Foto: Arthur Gaia

O ano de 2026 marca um ciclo de maturidade e reencontro para o ator, produtor cultural e dramaturgo Igor Ibiapina, natural de Abaetetuba. Após quatro anos de aperfeiçoamento técnico em São Paulo na SP Escola de Teatro e na SP Escola de Dança, o artista retorna à terra natal para estrear o seu primeiro monólogo musical: “Eu, o Boto Abaeteuara”.

A obra, autoral e produzida por uma equipe inteiramente paraense, celebra os 10 anos de trajetória artística de Igor e será o palco de encontro entre gerações. A temporada aberta ao público acontece de 06 a 08 de fevereiro, com sessões às 19h (dia 06) e em horário duplo (15h e 19h30) nos dias 07 e 08.

“O público pode esperar muita identificação. Desenvolvi um novo olhar sobre a minha cidade e suas potencialidades, transformando isso em entretenimento, arte potente e reflexão. Vai ser lindo compartilhar a minha arte e honrar as raízes abaetetubenses no lugar em que me formou como cidadão e artista, antes mesmo de me profissionalizar”, afirma o autor.

O espetáculo narra a história de Caique, um jovem ribeirinho órfão que vive na encantada Ilha da Pacoca, ambientada na Amazônia. Carismático e músico, ele vê seu destino mudar ao se apaixonar por Anahí, uma moça da cidade. O romance, entretanto, enfrenta a resistência de forças místicas da ilha, em uma trama que transita entre o lúdico e o trágico sob a luz da lua cheia.

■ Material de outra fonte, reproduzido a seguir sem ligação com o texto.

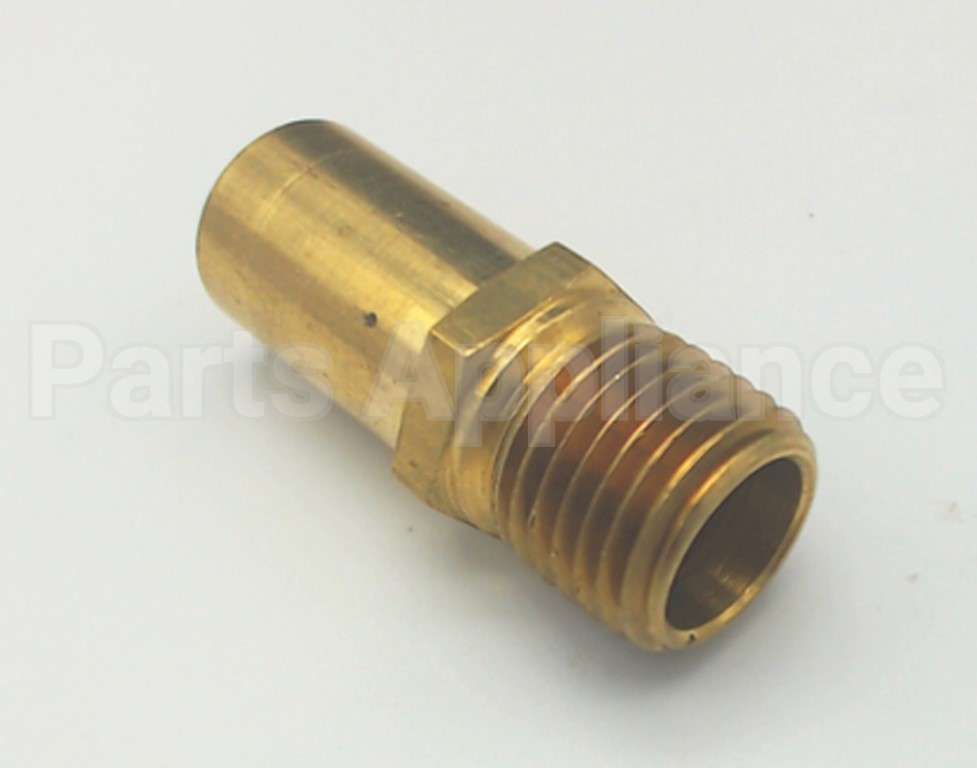 5H0547510045 Modine Main Orifice, Lp Gas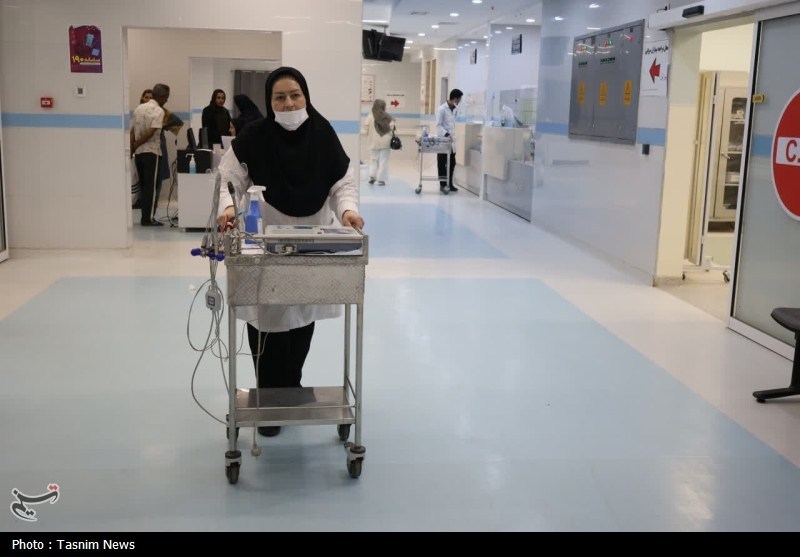 اخبار استان چهارمحال و بختیاری , 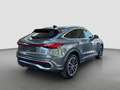Audi Q5 TDI quattro 150 kW S tronic Grau - thumbnail 8
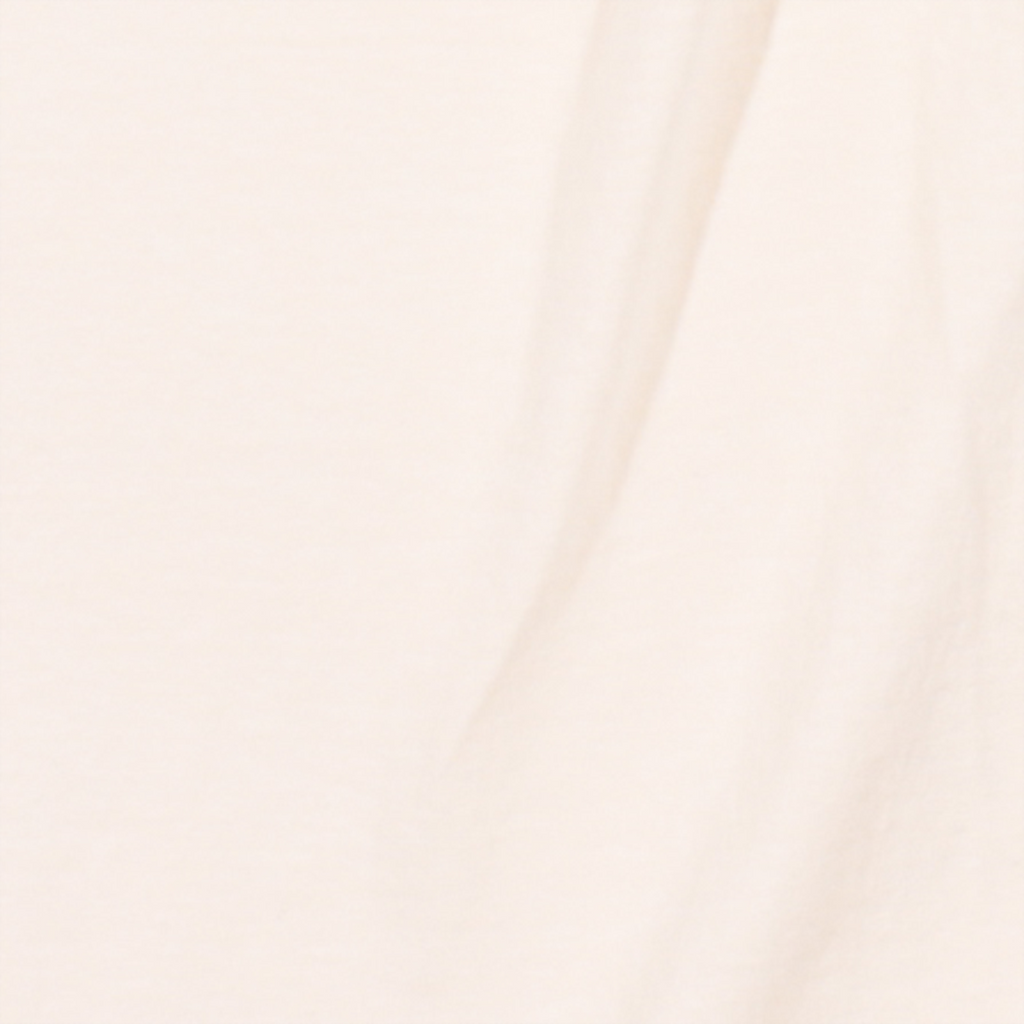 Garment Dyed T Shirt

A obra é fruto de uma pesquisa profunda sobre a identidade de Abaetetuba. Ibiapina mergulhou em referências que vão desde o cinema de Ele, o Boto (1987), Encantado que vem das águas, um filme abaetetubense, até a literatura histórica de Jorge Machado, Carlos Correia Santos, Nazaré Lobato e Monte Serrat.

Um dos momentos mais aguardados e emotivos do espetáculo é a interpretação da canção “Boto Sonhador”, clássico da Banda Grasom. A escolha é uma homenagem ao avô Graciliano Correa, que foi tecladista e sanfoneiro do grupo. Pela primeira vez, o patriarca da família verá o neto unir atuação, canto e dança no palco.

“É um momento histórico na minha vida e carreira. Cantar essa música é honrar minhas raízes e mostrar para o meu avô o fruto do caminho que ele ajudou a pavimentar, mesmo sem saber, através da música”, conta Igor, que também aproveita para destacar a importância do fomento cultural e da Política Nacional Aldir Blanc (PANB), onde inscreveu e aprovou o projeto.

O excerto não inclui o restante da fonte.